The return has been slow going, save for Schauffele extending his cut streak to 60 tournaments on the PGA Tour.
But is he Masters ready? He has yet to register a top 10 in three starts since his return.
“Competition golf is not the same as trying to play golf at home,” Schauffele said. “High bar was set after last year, and coming off of that season I expected a lot of myself, and I still do now, even though it hasn’t really looked like that.”
Of course, the idea of this being a two-horse race even before the gates open is insulting to the likes of Jon Rahm, Bryson DeChambeau and Brooks Koepka of the Saudi-backed LIV Golf League.

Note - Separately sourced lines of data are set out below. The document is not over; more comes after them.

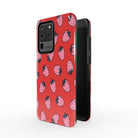 Strawberry Fields | Strawberry Samsung Case Tough for Galaxy S20 Ultra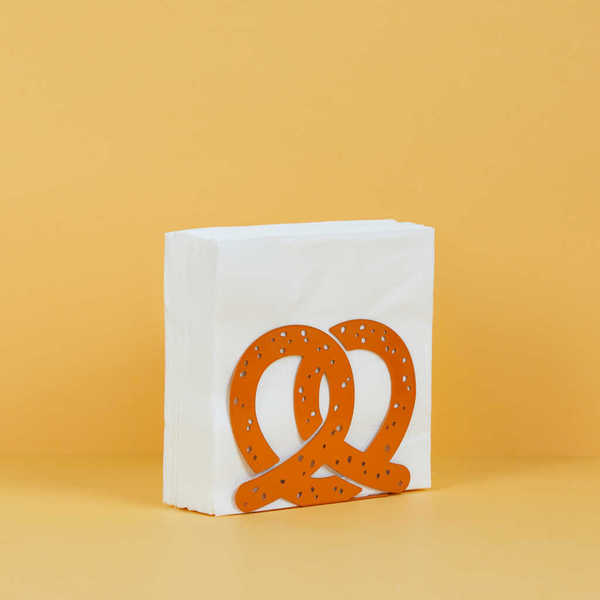 alvi - Pretzel Balvi Serviertenständer Pretzel Braun Farbe Originelles Design in Form einer Brezel M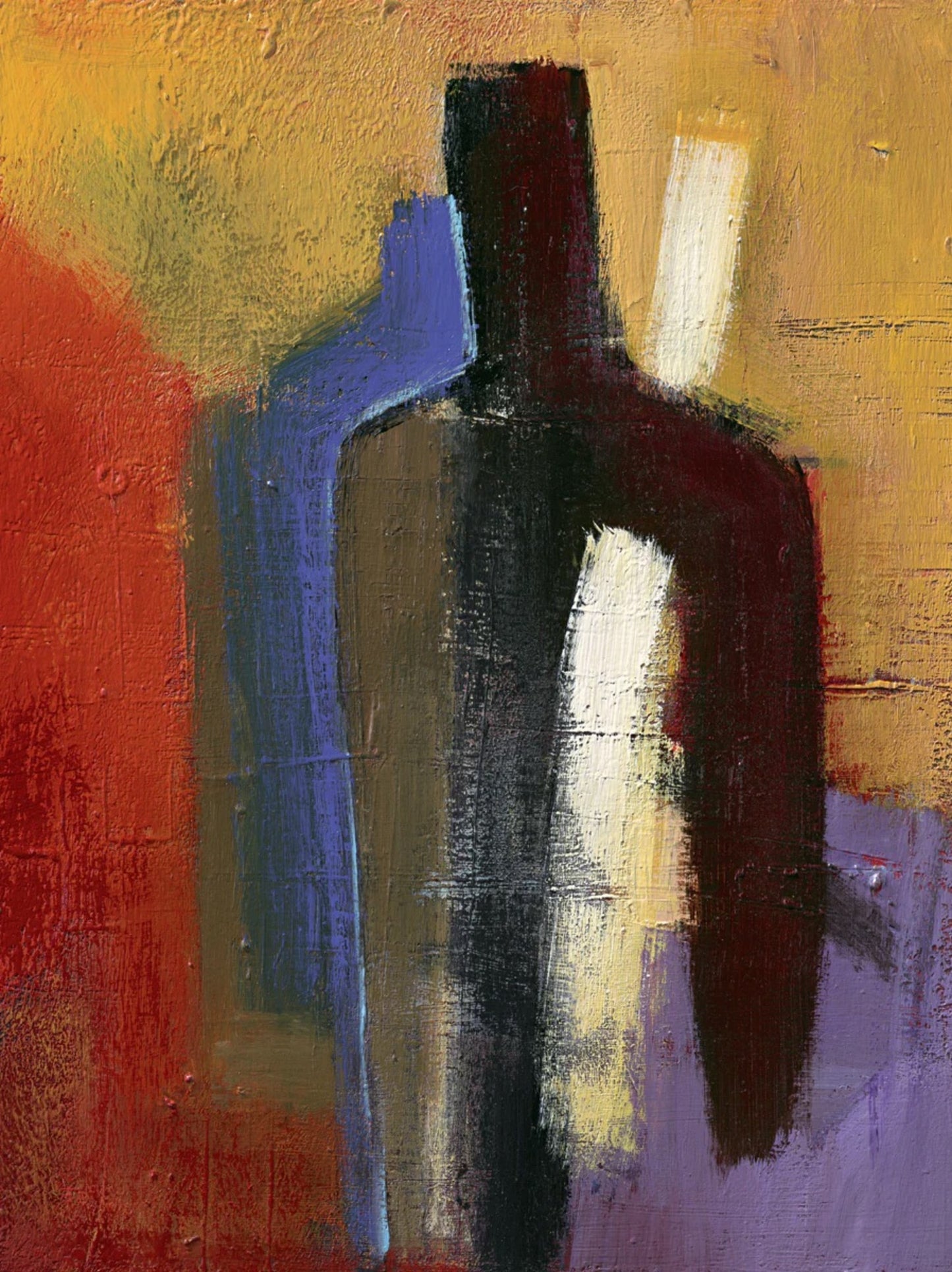 Affiche Art Bea Danckaert - Big brown, little blue 50x70cm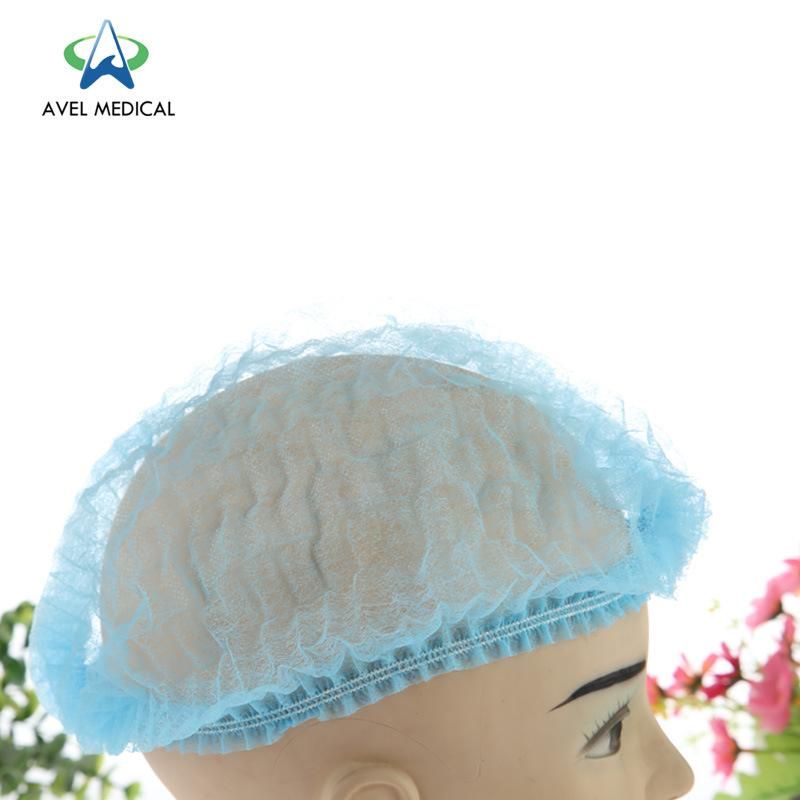 Doctor Nurse Protective Disposable Cap Non-Woven Bouffant Cap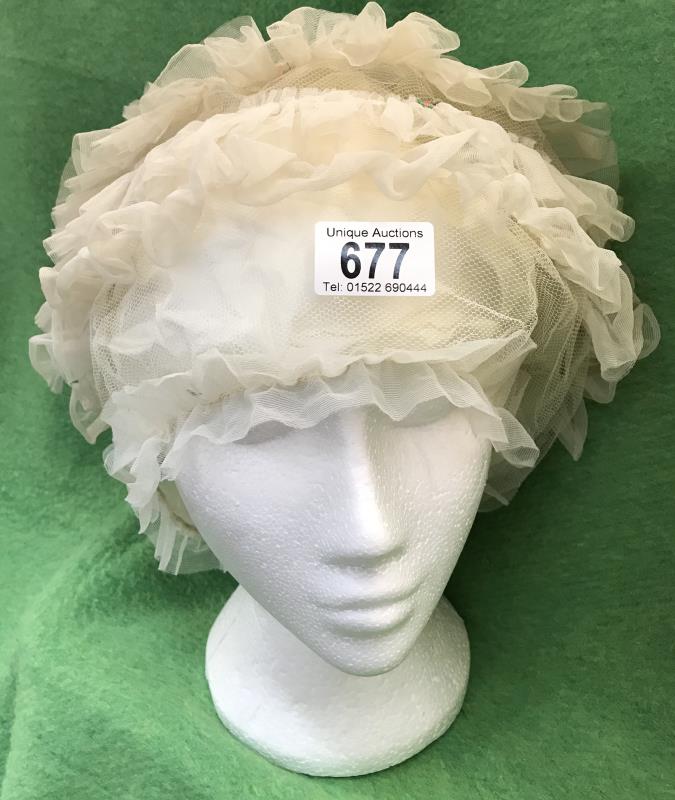 Vintage Lace shower Cap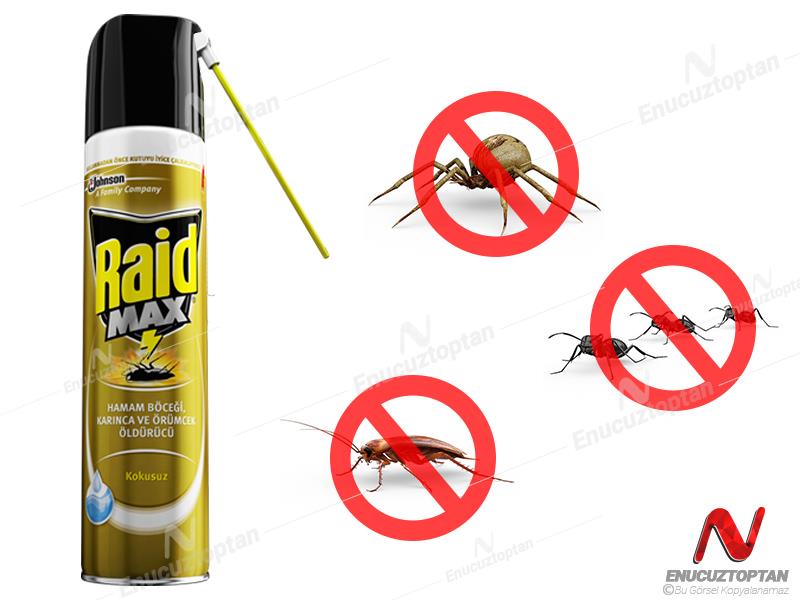 Raid Max Böcek Savar Öldürücü Kokusuz 300 Ml | ID4192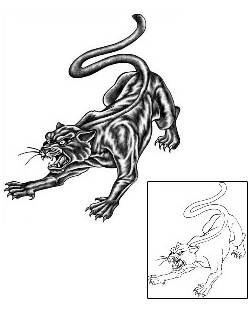 Panther Tattoo Animal tattoo | ANF-01776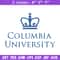Columbia University logo embroidery design, Sport embroidery, logo sport embroidery, Embroidery design,NCAA embroidery..jpg
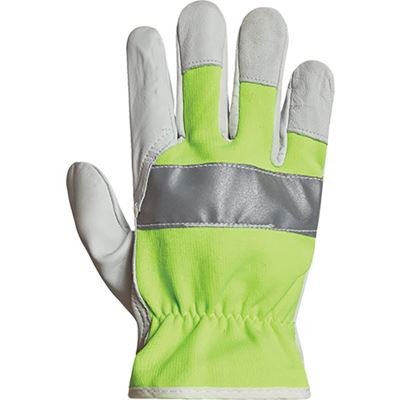 Picture of Superior Glove Endura® Thinsulate™-Lined Hi-Viz Goat-Grain Driver Gloves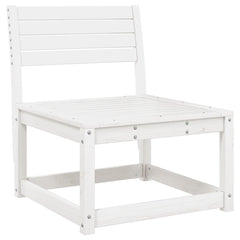 vidaXL Garden Sofas with Cushions 2pcs White Solid Wood Pine 4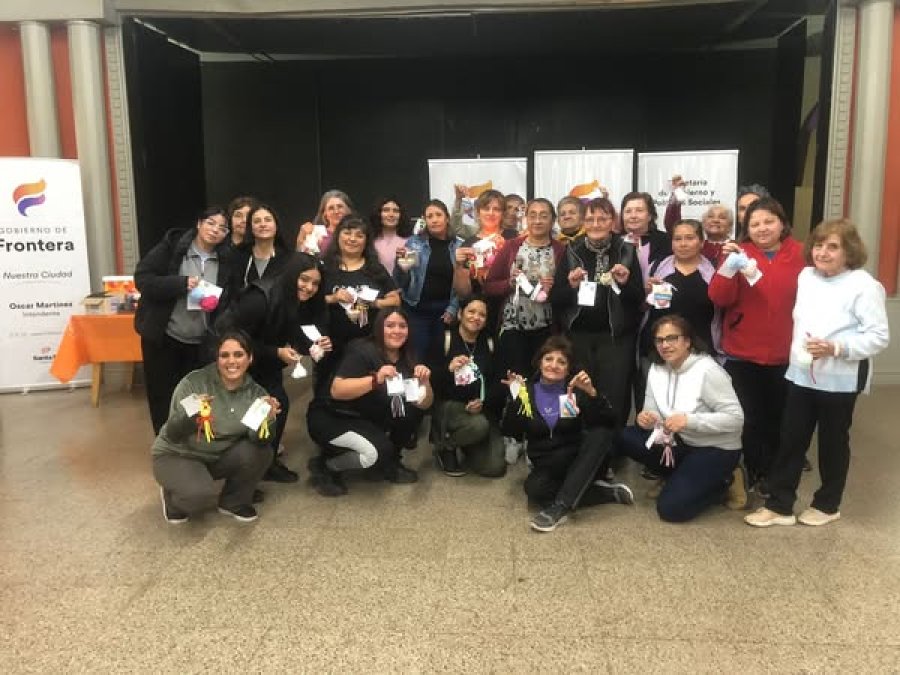 uno de los grupos que participa de los talleres.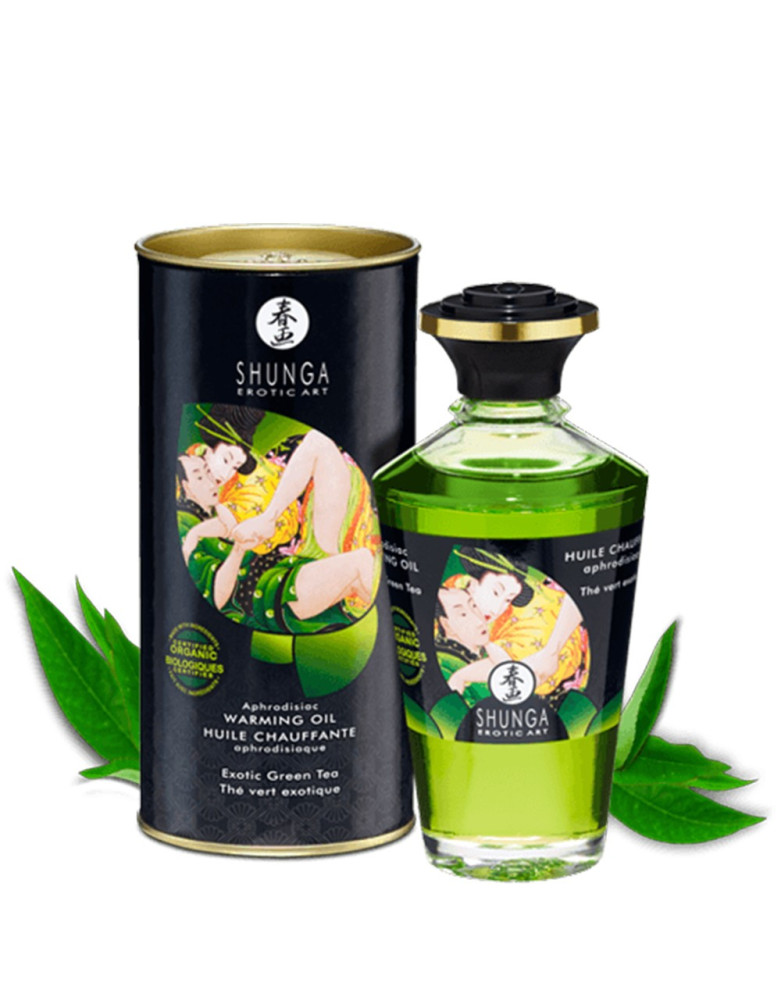 Huile chauffante bio thé vert comestible 100ml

They are back among the best for the first time since the British Open last July.
Rahm blew a back-nine lead at the Olympics, which would have been a gold feather in his cap with LIV getting so few opportunities on big stages. With only four such opportunities a year, Augusta National has become a real proving ground for them, particularly since any deal between the PGA Tour and the Saudi supporters behind LIV seems to be at a standstill.
They are among 12 players from LIV in the field, a group that includes Joaquin Niemann of Chile, who received a special exemption for the second straight year. He already has won twice this year, but his goals are higher.
“I know I’m going to win a major. I know it’s going to happen,” Niemann said after he won in Singapore. “Maybe not at the Masters, maybe yes. I have no idea. I just know it’s going to happen. … The way my game trending, I know it’s going to happen eventually, so I’m pretty calm knowing that.”
Believing and doing are different. No one knows that better than McIlroy.